Serve ormai ridisegnare da capo la cartina politica del nostro Paese. Perché nel mezzo di questa mappa, che è rimasta impressa per oltre mezzo secolo nell’immaginario di tutti noi, esisteva una zona - l’Italia centrale delle cosiddette Regioni Rosse - inscalfibile dal grande cambiamento e dove la sinistra era egemone, onnipotente, inattaccabile. Ebbene, già da qualche anno ma adesso più che mai alla luce dei risultati di queste ore, occorre aggiornare le coordinate e eliminare - con buona pace di Palmiro Togliatti che formulò nel celebre saggetto del ‘46, ora illeggibile, «Ceto medio e Emilia rossa» la strategia di conquista di quelle terre - la falsa credenza della diversità, rispetto al trend storico per cui la destra è un fiume in piena e gli argini della sinistra non reggono, dell’Italia centrale.

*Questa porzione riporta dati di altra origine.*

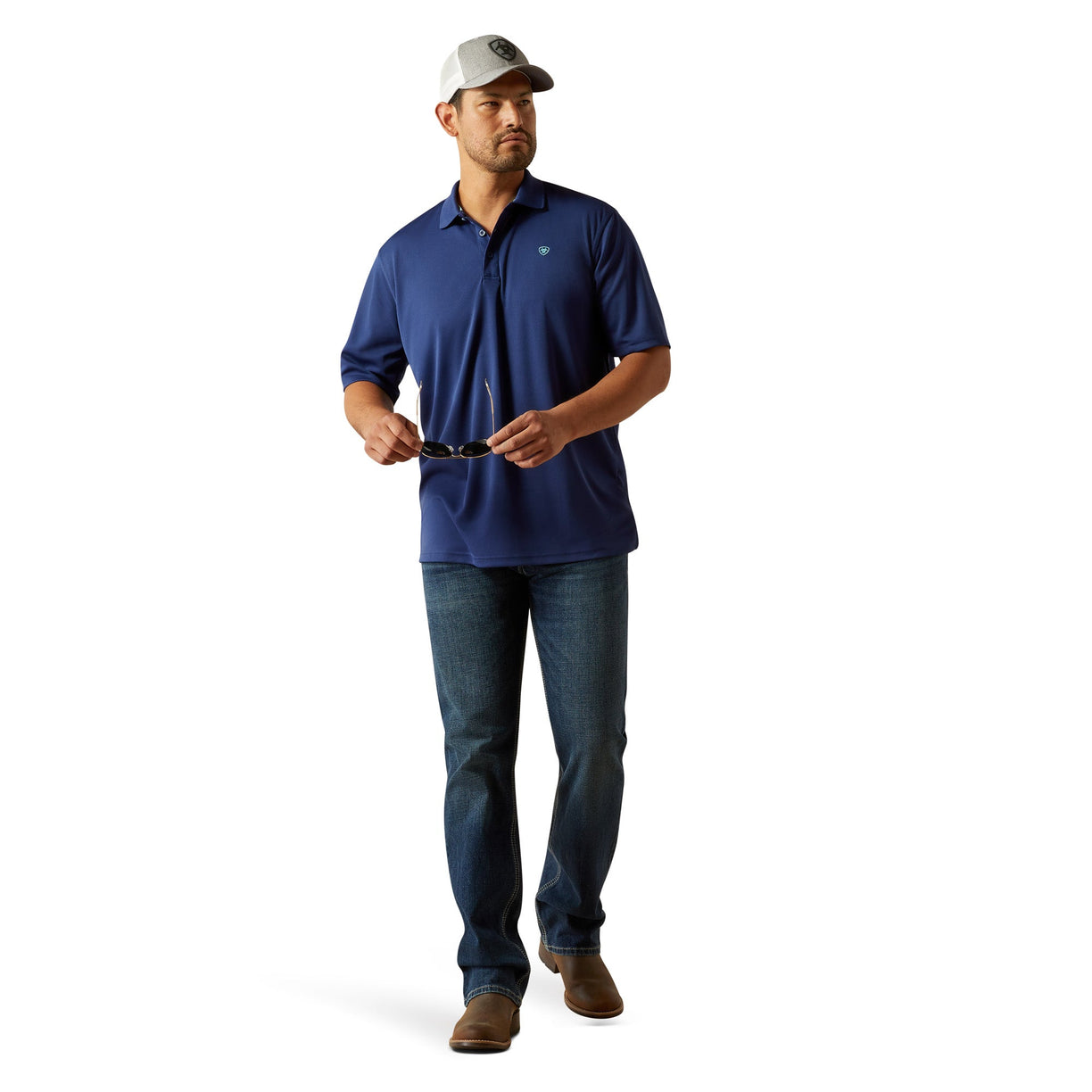 Man wearing a blue polo shirt and jeans on a white background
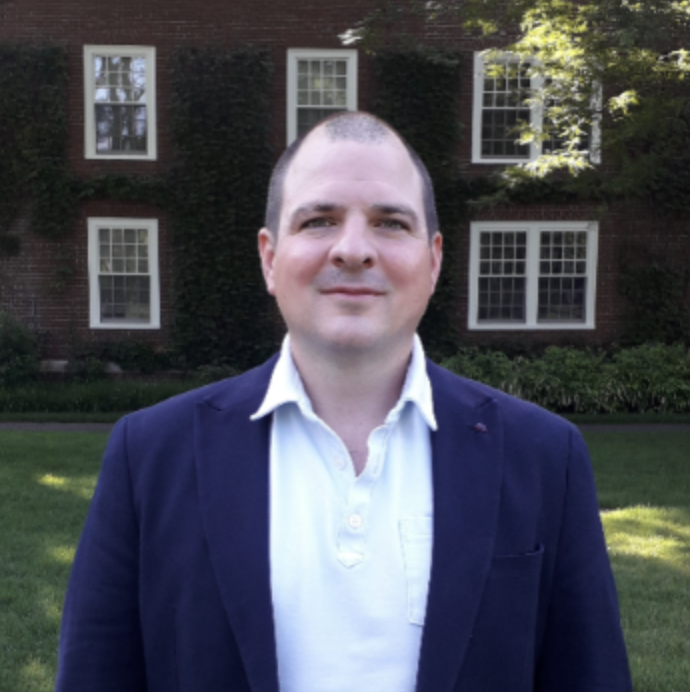 Associate Research Professor, Timothy DeStefano. Wearing a navy suit jacket with a white dress shirt.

L’Umbria e le Marche come regioni erano già passate a destra, ora anche il capoluogo marchigiano Ancona e quasi tutte le città della Toscana vedono la sinistra sconfitta e in attesa del voto del 2024, tra un anno, l’Emilia Romagna che l’ultima volta resistette potrebbe cedere come pezzo residuo di un muro già ampiamente sbriciolato.

 

Tutto questo racconta che il mito del riformismo e pragmatismo progressista, che prima si chiamava comunista, è arrivato al capolinea. E’ una mitologia che va in frantumi. E se l’avanzata della destra in questi anni nell’Italia Rossa, una tornata elettorale dopo l’altra, veniva minimizzata a sinistra come temporanea, emozionale e vista come un tradimento recuperabile, adesso andrebbe invece - ma chissà se si avrà la lucidità di farlo, e c’è da dubitarne - considerata un dato storico e una novità geopolitica diventata strutturale e non eccezionale.  Si faceva vanto la tradizione Pci-Pds-Ds-Pd dell’eccellenza del proprio buon governo locale. E invece, non è restato più niente di quella presunta eccellenza. Negli ultimi dieci anni, il consenso elettorale era  un involucro che copriva il vuoto. Quello di partiti di sinistra che stancamente regnavano senza governare, non rispondevano più a logiche di sviluppo e di difesa dei bisogni territoriali dei cittadini, e le avevano sostituite con l’autoreferenzialità del potere. Ecco allora la slavina, che è arrivata a rate. L’ultima rata è di queste ore. E narra di ciò che la sinistra è oggi. Tutta concentrata sui bisogni Lgbtq, piena di dubbi e resistenze sullo sviluppo infrastrutturale, condizionata dall’ecologismo del no, preda di minoranze e preconcetti, barricata in posizioni politicistiche e di micro-notabilato lontane dalle realtà e dalle necessità dei cittadini.

 

Una parabola cominciata nel ‘900, e già arrancante assai, sembra insomma finire adesso per sfinimento. Una sub-cultura - la sub-cultura dell’Italia Rossa che si riteneva l’Italia Migliore - è aggredita e sconfitta dalle esigenze di una modernità che gli elettori pensano di riscontrare nei partiti della destra.
Il cambio è epocale e se la fedeltà pseudo-ideologica di molti elettori ha coperto finché ha potuto una storia già finita, adesso anche questo ultimissimo espediente è venuto meno.